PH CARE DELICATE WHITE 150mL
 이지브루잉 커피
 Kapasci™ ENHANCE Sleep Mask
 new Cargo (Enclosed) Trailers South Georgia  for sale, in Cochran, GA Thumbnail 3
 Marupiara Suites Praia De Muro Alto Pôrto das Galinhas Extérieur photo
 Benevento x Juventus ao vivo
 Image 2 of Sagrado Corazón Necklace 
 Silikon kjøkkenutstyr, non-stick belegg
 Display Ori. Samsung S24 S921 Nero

^^^^^^^^^^^^^^^^

Exactly repeat the lines from the line that contains "Benevento x Juventus ao vivo" to the end of the entries, both included, and leave out all other lines.

- The answer:
 Benevento x Juventus ao vivo
 Image 2 of Sagrado Corazón Necklace 
 Silikon kjøkkenutstyr, non-stick belegg
 Display Ori. Samsung S24 S921 Nero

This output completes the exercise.